Joke Lanz & Ute Wassermann

Half Dead Half Alive

By: Massimo Ricci

Touching Extremes

2021

Language: english

There are people around who delude themselves into believing they’re “experimental vocalists”. However, by listening to what comes out of those mouths the feeling is as terrible as when one’s annoyed by the umpteenth rendition of a jazz standard. The pretenders literally vanish in front of the authentic specialists of hyper-pliable glottis. Researchers of the stature of Phil Minton and, in this particular case, Ute Wassermann. Artists who spent a lifetime discovering new methods to draw out the wonders hidden inside their oral cavities, emphasizing the imaginative features to the point of making what our ears perceive as staggering appear normal (but still not too natural).

Of course appropriate partners are needed to enhance an extreme range of human expressivity. Joke Lanz, a turntablist of outstanding responsiveness and sensitivity, is well suited for Wassermann’s freakishly demanding, utterly sublime interpretations. This set, recorded in 2019, comprehensively substantiates the axiom according to which a genuine voice experimenter and a smart instrumentalist can engender a hybrid language where the number of messages, tweets (pun intended, given Wassermann’s passion for bird calls) and stimuli received by the brain is humanly incalculable.

Nonetheless, there’s not an instant of logical deprivation in these 36 minutes. Which is even more remarkable: the inability to memorize breakneck sequences of consecutive events gets combined with the impression of an intelligible, albeit extremely disjointed continuum chock full of points of vantage for the attentive student.
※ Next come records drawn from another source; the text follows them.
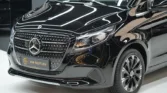 2026 Mercedes-Benz V 300 Black Black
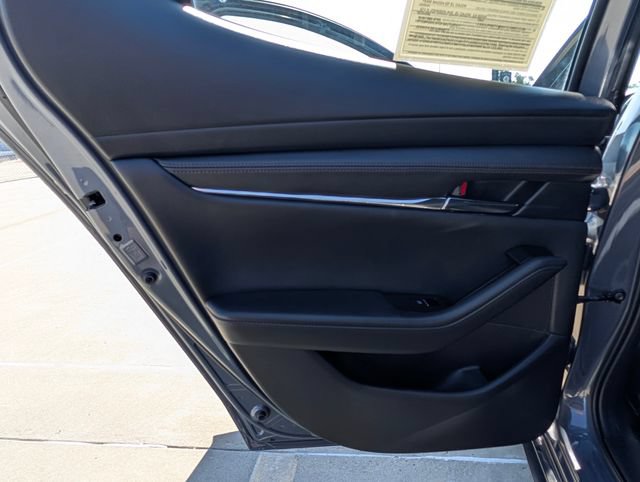 Certified 2023 MAZDA MAZDA3 s AWD/4WD image 16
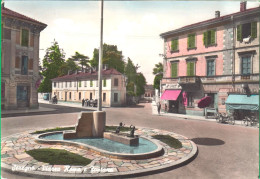 SEREGNO. FONTANA. PIAZZA ROMA. MONZA. - Monza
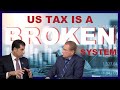 US Broken Tax System!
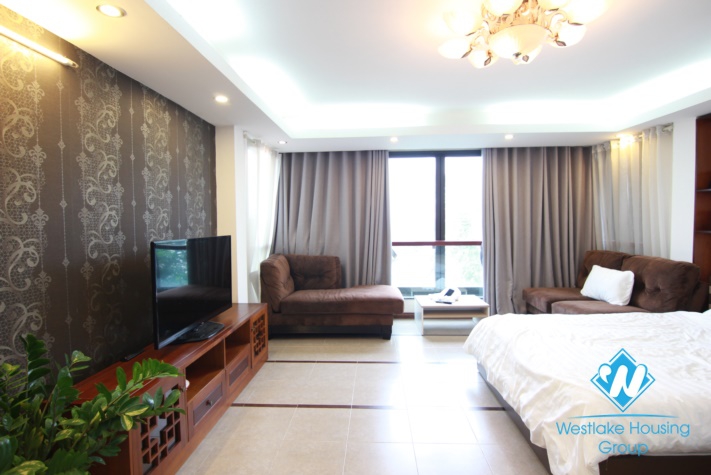 Lake view 2 bedroom apartment  for rent In Nhat Chieu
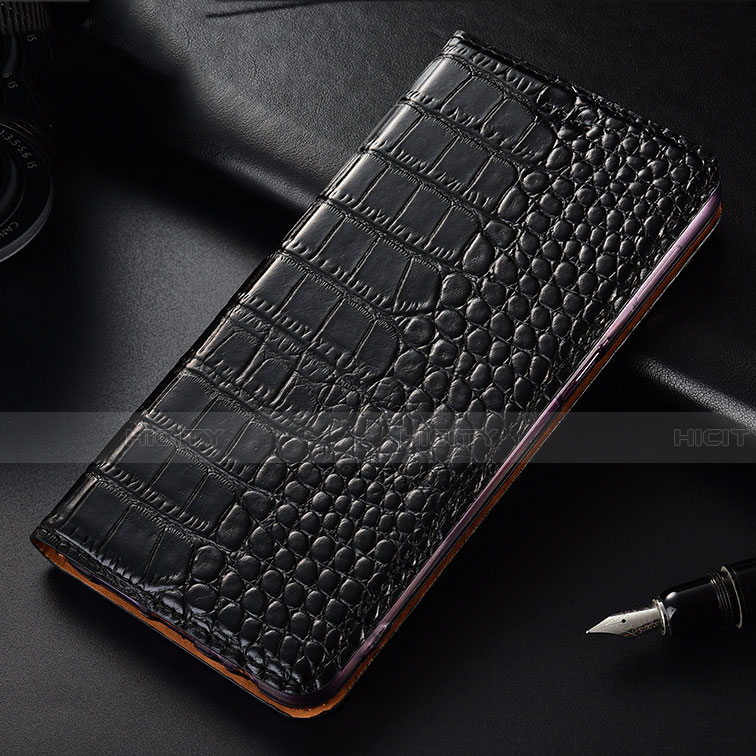 Funda de Cuero Cartera con Soporte Carcasa L01 para Vivo X60T 5G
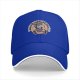 Witches Don't Get Offended Graphic Black Baseball Cap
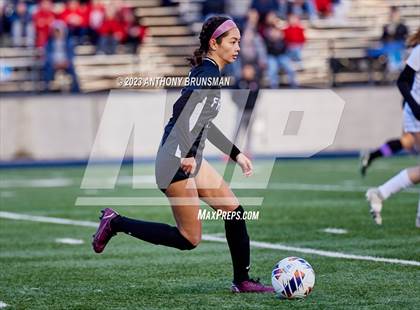 Thumbnail 2 in Franklin vs. McClatchy (CIF SJS D1 Final) photogallery.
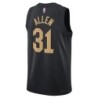 [BLACK] Jarrett Allen Statement Swingman Jersey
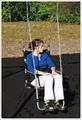 ADA Adult Safety Chair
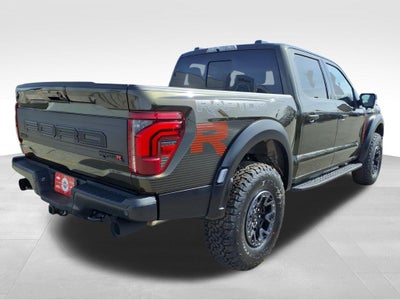 2026 Ford F-150 Raptor R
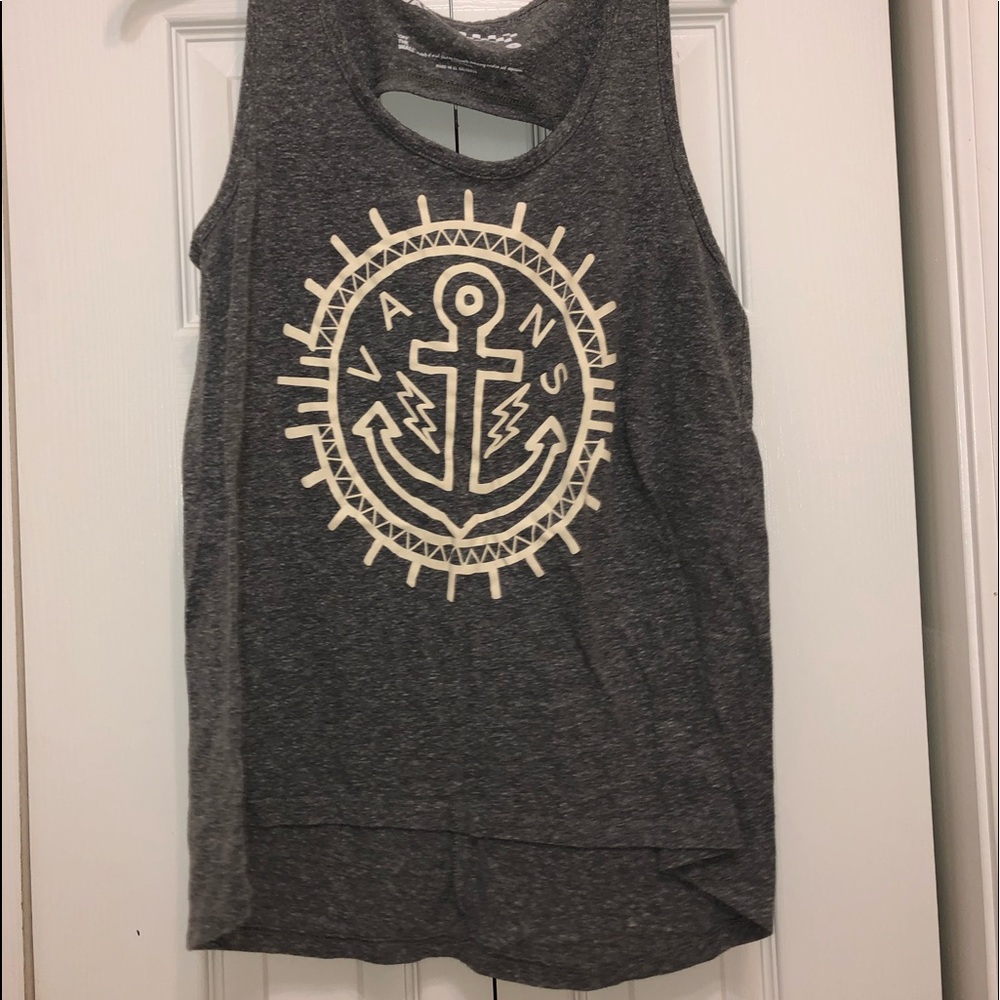Vans tank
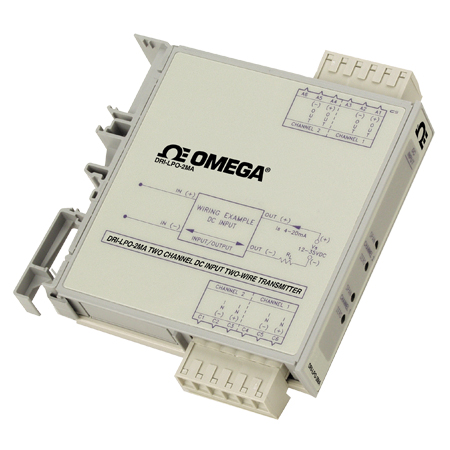 美国OMEGA欧米茄DRI-LPO-MA_DRI-LPO-2MA多通道隔离器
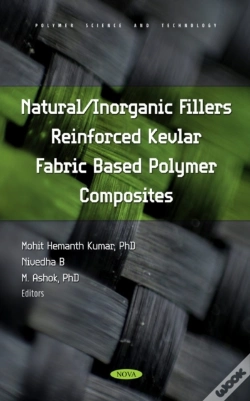 Capa do artigo Natural/Inorganic Fillers Reinforced Kevlar Fabric Based Polymer Composites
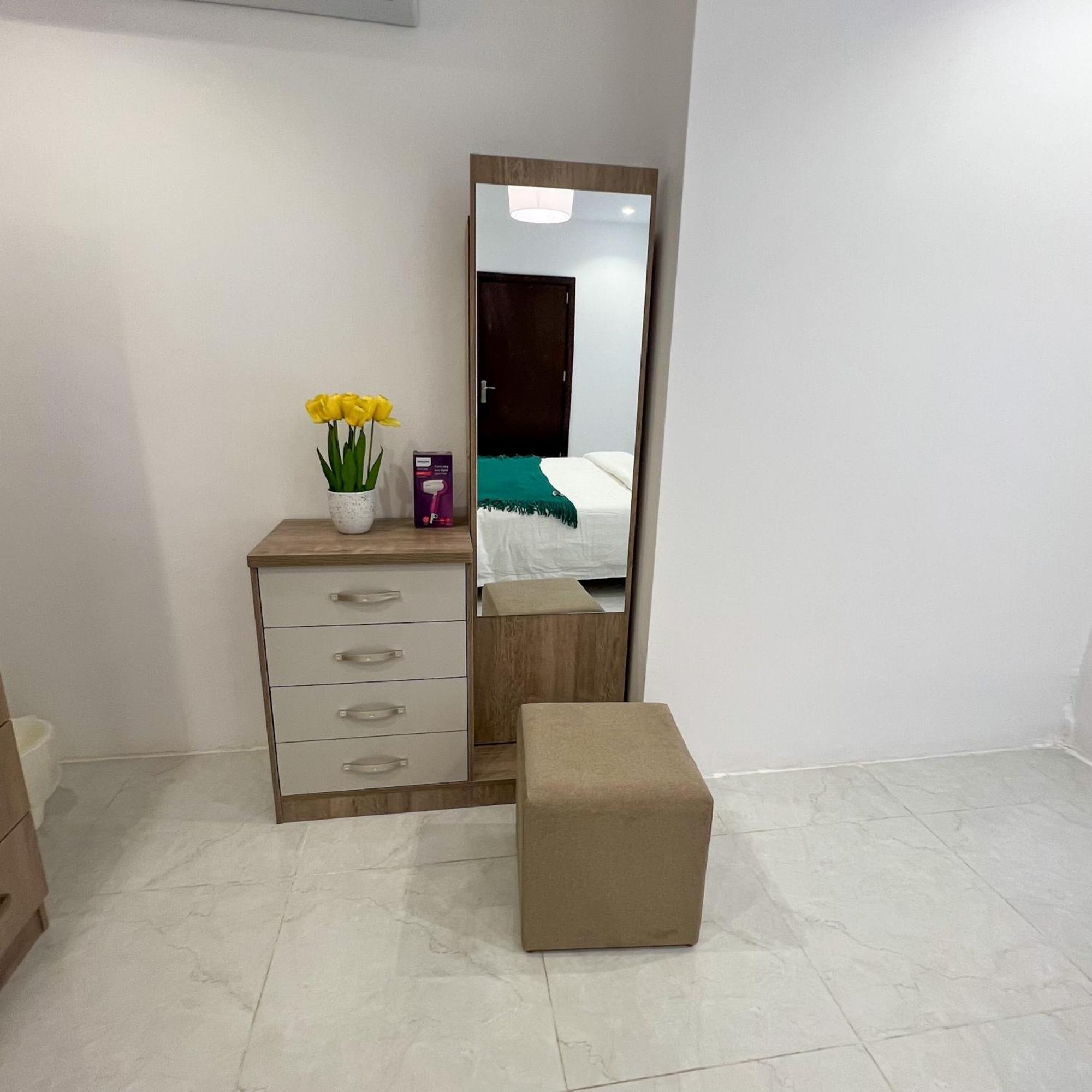 The Red Sea Apartment شقة البحر الأحمر Dschidda Exterior foto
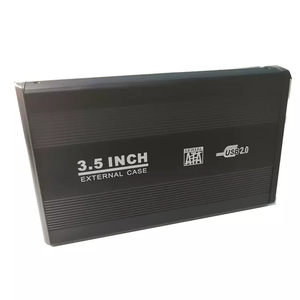 Estuche Externo para Disco Duro de <span class=keywords><strong>3.5</strong></span> Pulgadas, Carcasa de Aluminio con <span class=keywords><strong>USB</strong></span> <span class=keywords><strong>3.0</strong></span> y SA TA para Disco Duro de <span class=keywords><strong>3.5</strong></span> Pulgadas, Gran Venta - Product Image 3
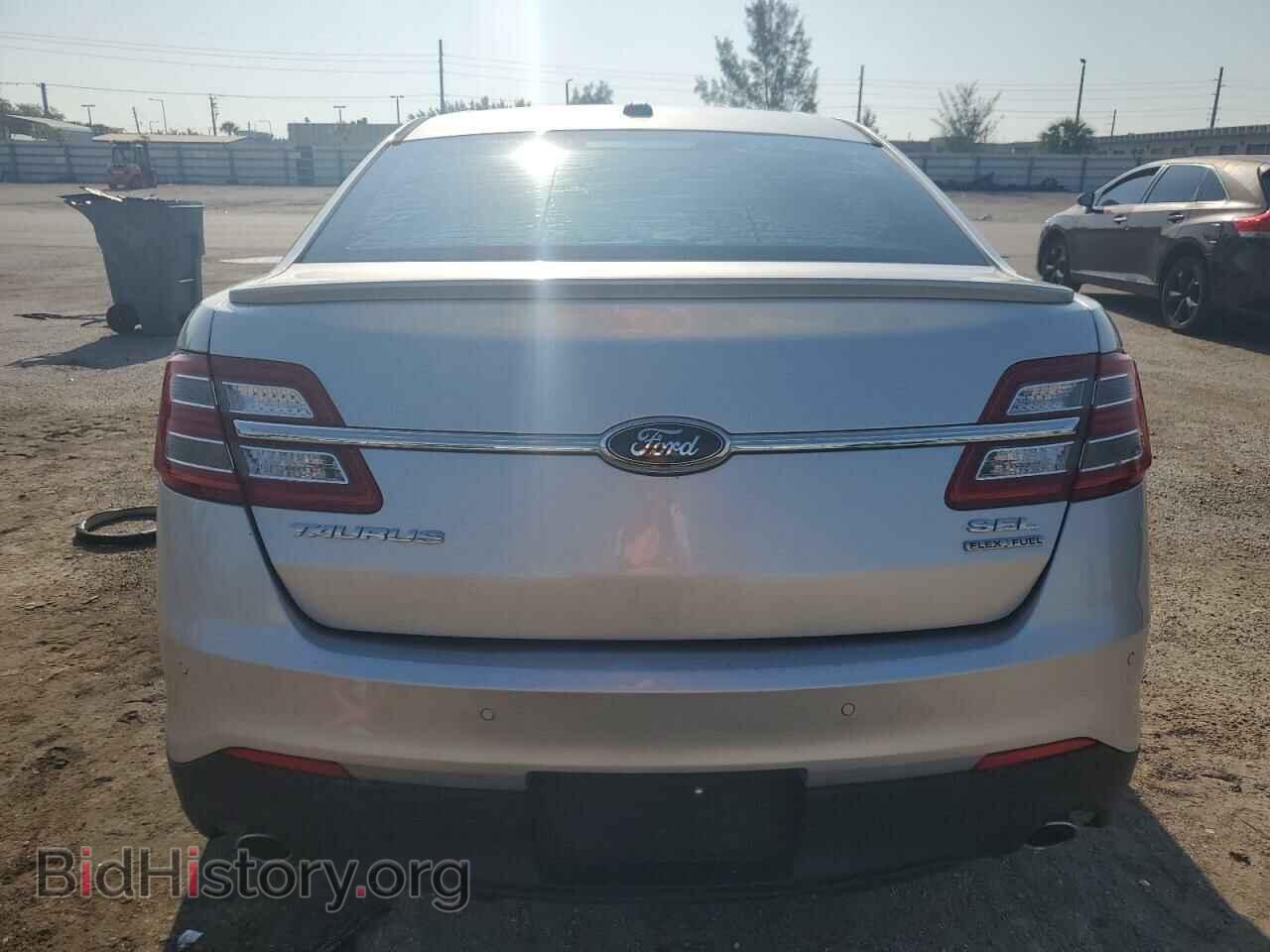 2013 FORD TAURUS - VIN: 1FAHP2E89DG192272 - Photo 6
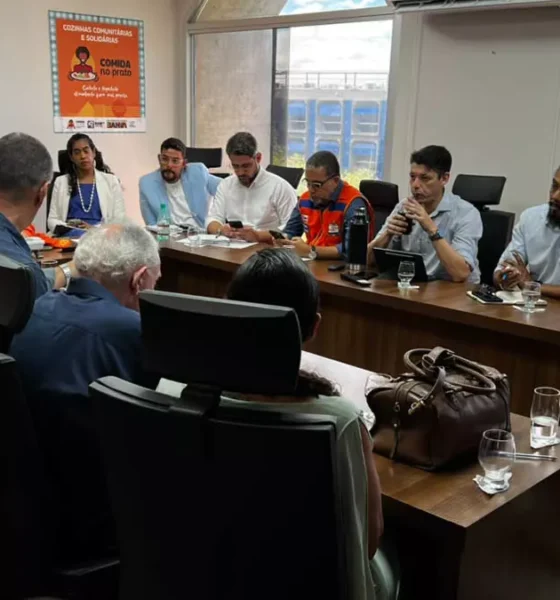o Governo da Bahia ampliou a mobilização para enfrentar o avanço das queimadas e os efeitos da estiagem em diversas regiões do estado.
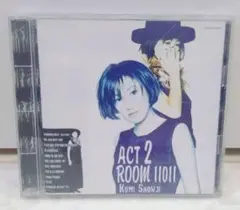 障子久美　ACT 2 ROOM 1101アルバム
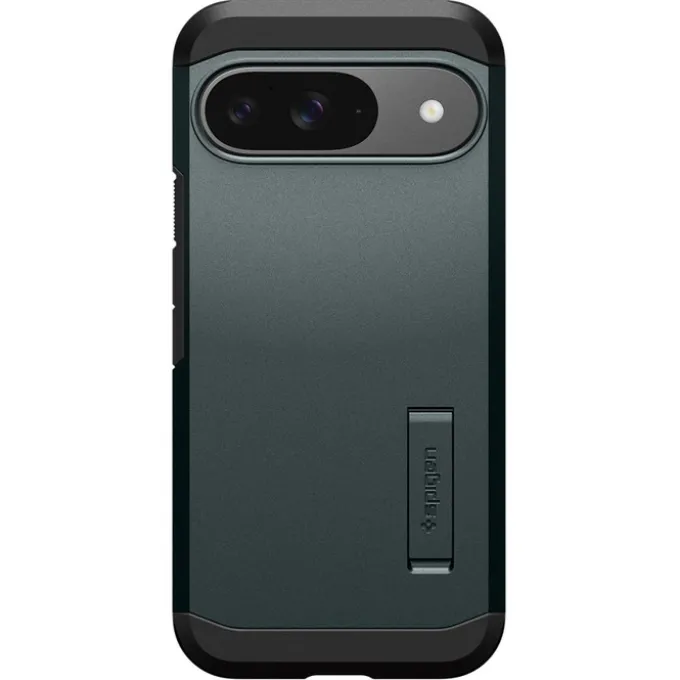 Etui SPIGEN TOUGH ARMOR GOOGLE PIXEL 9 / 9 PRO ABYSS GREEN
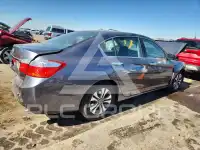 2015 Honda Accord фото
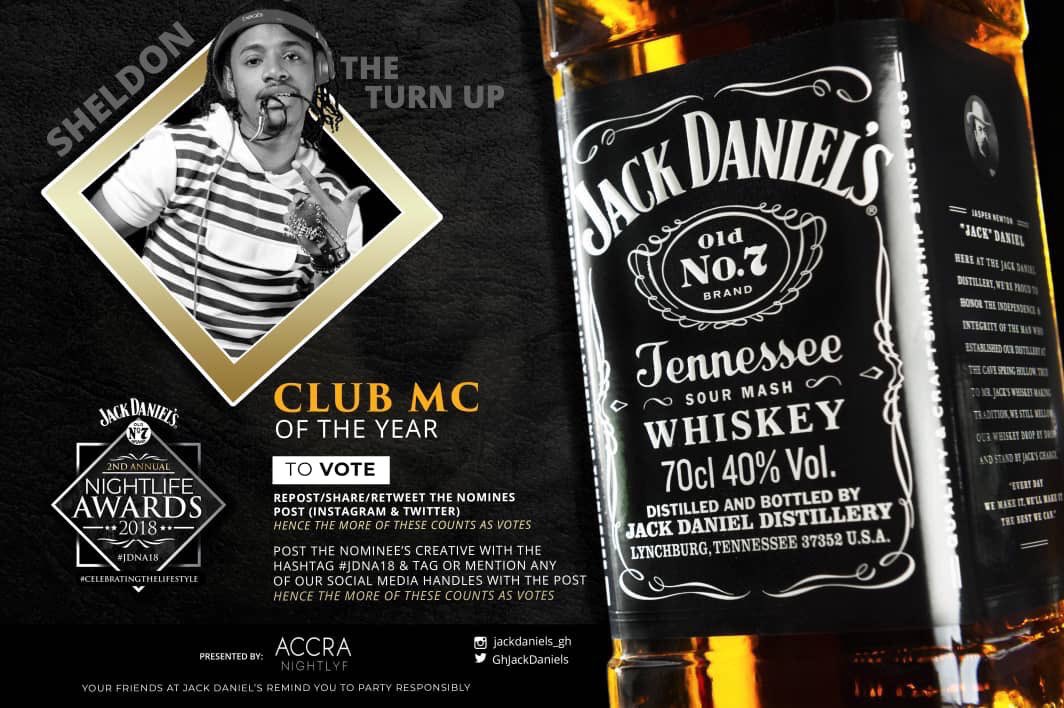 djwallpapergh's tweet photo. #JDNA18 @TheTurnUpGh @ghjackdaniels https://t.co/c7Yt65nQTm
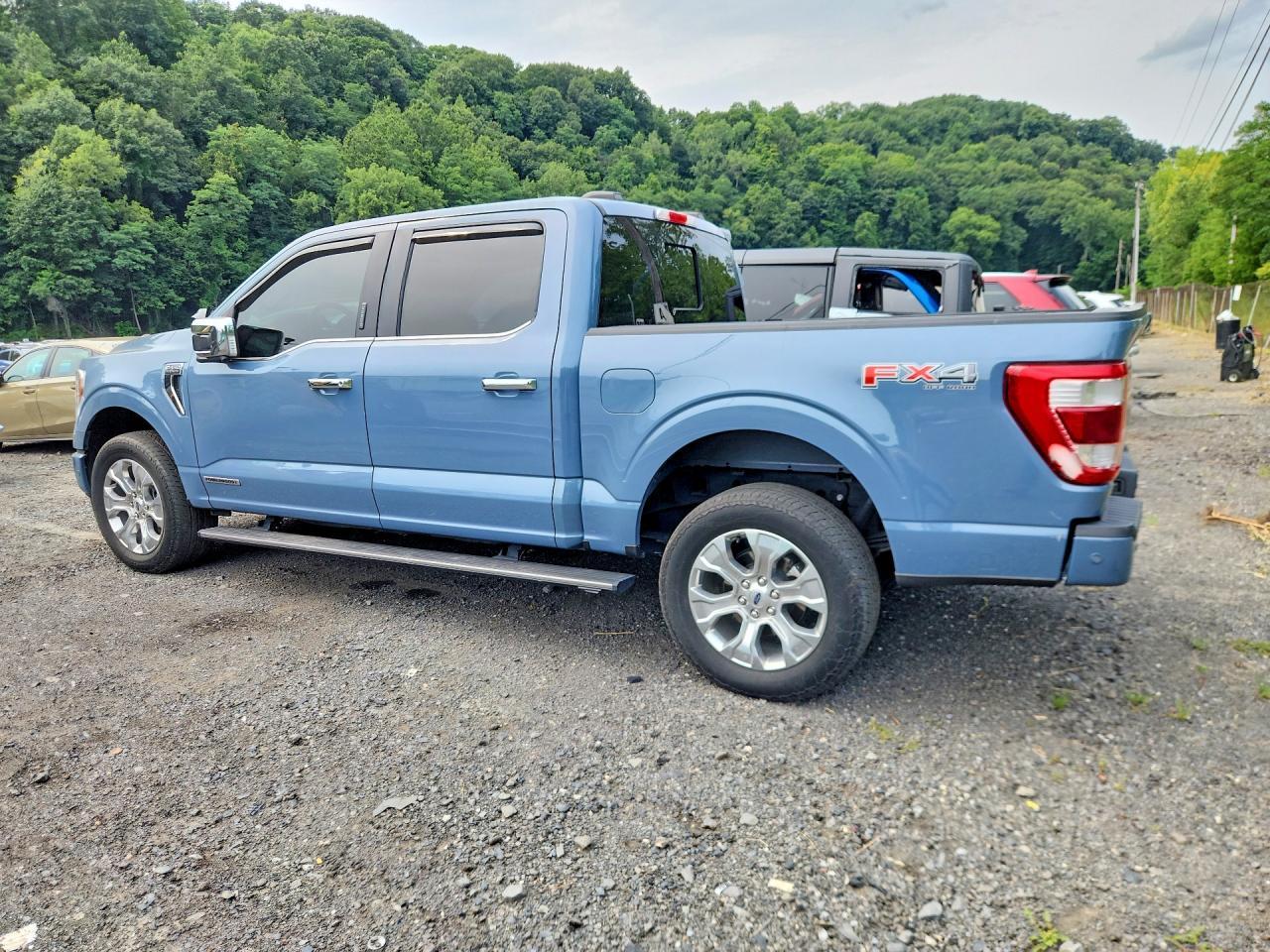 2023 Ford F150 Supercrew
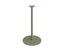 Roku Bar Table Base & Pole 110cm - Outdoor - Eucalyptus Green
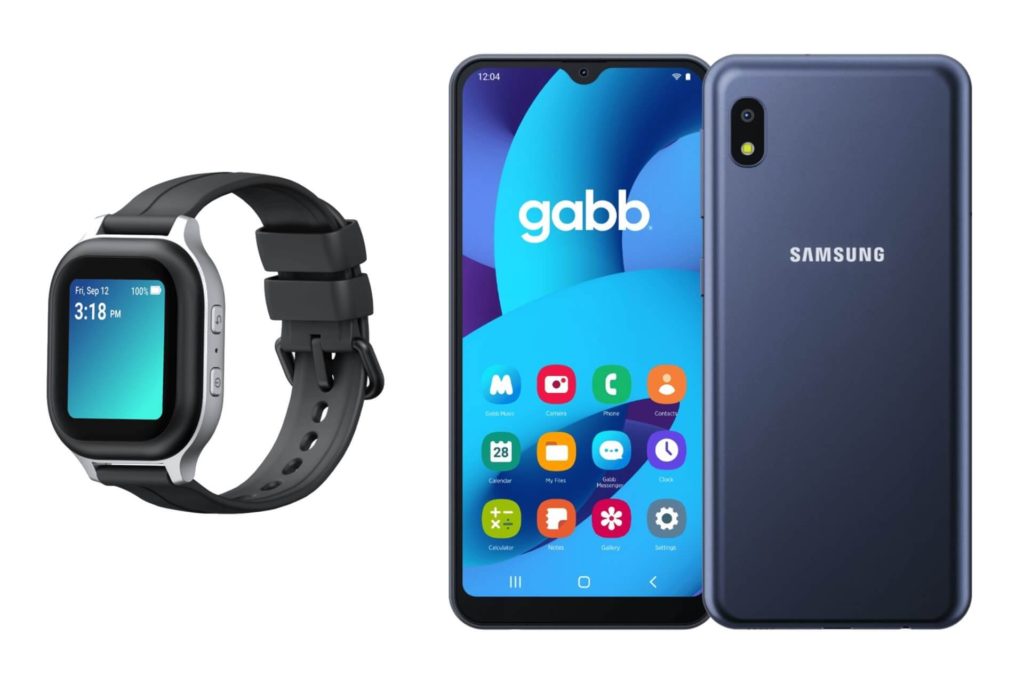 Gabb Watch and Gabb Phone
One can remain stunned by the thousands of masks worn by Wassermann’s vocal cords (my descriptions would border on pathetic) or admire the contrapuntal jumble of micronized irony emanating from the records picked by Lanz, who instantaneously builds perfect frameworks for his partner. The countless miniatures born from this union amaze like quick-witted fireflies in a night habitually populated by insignificant insects.